Perhaps the iShares Goldman Sachs Natural Resource Fund (IGE) might be considered as commodity diversification.I don't mind IGE's exposure to oil because the fund is a balanced natural resource stock - something my portfolio needs. I have held IGE for almost two years and see no reason to sell it. Insurance is insurance.This may be too simplistic for some, but it has worked well for me.

Anonymous said...

OT but relevant to cnbc. A money manager is interviewed.

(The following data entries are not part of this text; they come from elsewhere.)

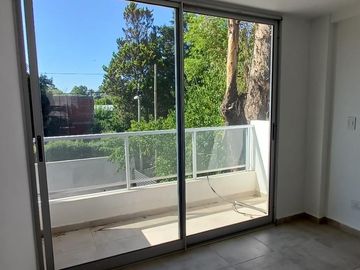 Departamento en venta  2 ambientes Canning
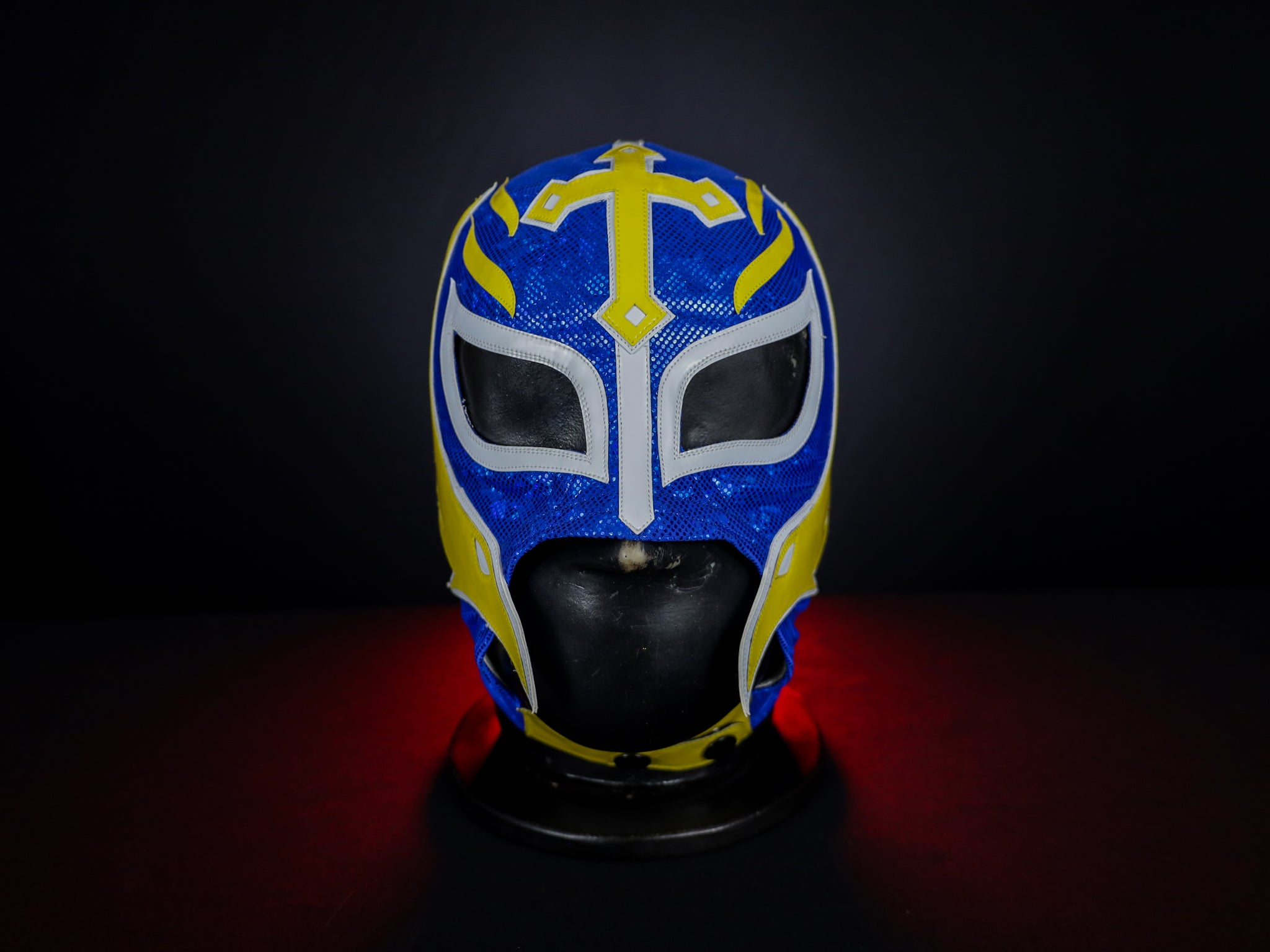 Rey Pro – Mr. MaskMan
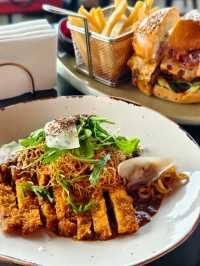 Where to Eat in Universal Studios Beijing? — Hammond’s Restaurant (Jurassic Park Area)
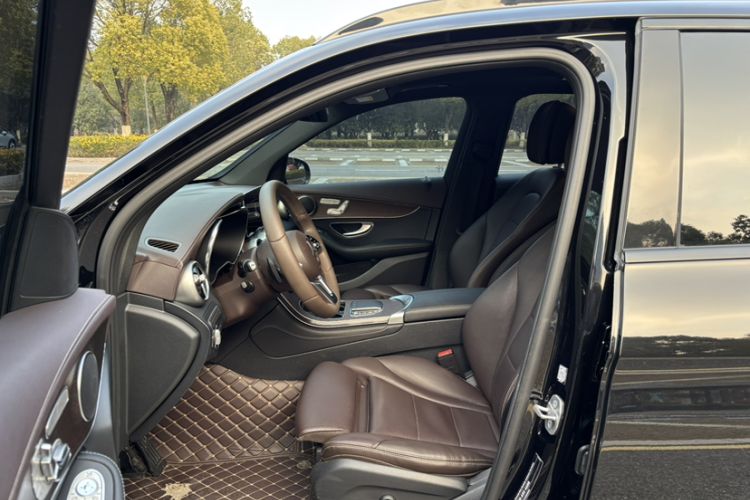 Used Mercedes-Benz GLC 2021 GLC 260 L 4MATIC Luxury Model Interior 8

Why is the market going up? (paraphrasing)"Not a lot of time left in the year and performance is not very good" (which means, dem guys got together and decided to pump da retailer) So, what are you buying? "Err, Err...the commodities are looking better" RQ. "Well, the vix is at another low."(Which means, I'm ain't no fool, I'm not gonna get sucked into this rally and be left looking for the door.") Overblogged where half empty looms large...if you get my drift. Can the big boys really manipulate the market without a smoking gun?

Roger Nusbaum said...

Not sure why CAJ would be a proxy for Japan but either the number on portfolioscience is 0.372.

I have a generic portfolio on Yahoo finance that is a fair representation of what I own wieghted accoringly. I need to disclaim the hell out of this but YTD through today's close it is up 7.66%.

IGE has a 0.51 corrleation to GLD and 0.43 correlation to DBC.

To the comment times at 1:45, I'm sorry I don't follow at all.

Roger Nusbaum said...

forgot; the generic yahoo portfolio is the equity only component, most clients have some amount of fixed income exposure.

Tom K said...

Hi Roger,

I new to the concept of investing in commodities as part of a diversified portfolio. I have several questions I hope you can answer:

1. What do you mean by commodities? For example, does the CRB index and it's commodity weighings jibe with what you consider commodities, or would you overweight with industrial materials?

2. I've always read that commodities are very poor investment vehicle over the long term. I just looked at some long term charts of various commodity indexes, and they seem to bare this out. And when you account for inflation...geez, commodities are big time losers over the long haul.

3. Just because some commodities will run counter to stocks or bonds, reducing overall portfolio volatility, does it really make sense to include commodities in your portfolio. I mean I could reduce the beta of my portfolio by including a few inverse stock funds, but that doesn't seem to make much sense either.

I enjoy reading your posts and hope you can shed some light for me. Thanks!

George said...

"However to make the case for commodity diversification after a substantial price move is a short term bet on the continuation of the current bull market. While commodities may be a legitimate asset class, we should never confuse brains with a bull market.
"

quote from: http://abnormalreturns.wordpress.com/2006/04/28/commodity-turnaround/

Roger Nusbaum said...

George, not sure if that is a shot at my comments, which is fair game, but I think I have been consistent saying that gold is something I beleive in as a long term hold, in moderation, for what I believe is true diversification.

Tom K said...

But what about Pork bellies? Sugar? Cotton? Do these commodities really belong in an investment portfolio, even if you hold just a small fraction of each?